COMENTARIO

 Mt 9,1-8 

Al curar al paralítico únicamente con su palabra, Jesús hace ver a los que murmuraban que, puesto que Él tiene potestad para curar los efectos del pecado (la enfermedad), tiene también poder para curar la causa, esto es, el pecado, y que por consiguiente tiene potestad divina: «Al perdonar, pues, los pecados, sanó al hombre y dio a entender visiblemente quién era Él, en su persona. Si nadie, fuera de Dios, es capaz de perdonar los pecados, y el Señor los perdonaba y curaba a los hombres, salta a la vista que Él era el Verbo de Dios hecho Hijo del Hombre, con potestad para perdonar los pecados, como hombre y como Dios. De esta manera, como hombre se compadece de nosotros, y como Dios se apiada de nosotros y perdona nuestras ofensas» (S. Ireneo, Adversus haereses 5,17,3).
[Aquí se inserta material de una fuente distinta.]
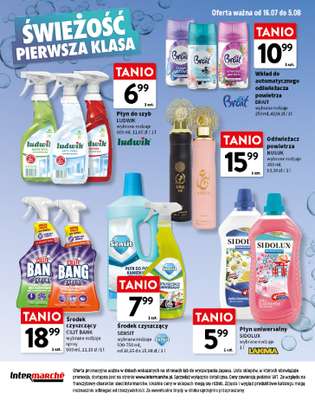 Intermarche - gazetka promocyjna Szkolna wyprawka w super cenach! od czwartku 16.07 do środy 12.08 - strona 20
Al final del pasaje (cfr v. 8), el evangelista recoge el estupor y admiración de la gente ante este hecho: que el perdón de los pecados se haga presente en la tierra. Esas palabras pueden aplicarse a la Iglesia, pues el Señor hizo partícipes de esa potestad a sus Apóstoles y a sus sucesores, es decir, los obispos y sus colaboradores, los presbíteros (cfr Jn 20,22-23): «Los hombres, al perdonar los pecados, muestran su ministerio, pero no ejercen el derecho de un poder; e incluso no perdonan en el propio nombre, sino en el del Padre, del Hijo y del Espíritu Santo. Ellos ruegan y la divinidad dona; pues el servicio pertenece a los hombres, pero la generosidad pertenece al poder de Dios» (S. Ambrosio, De Spiritu Sancto 3,18,137). cfr nota a 18,15-20.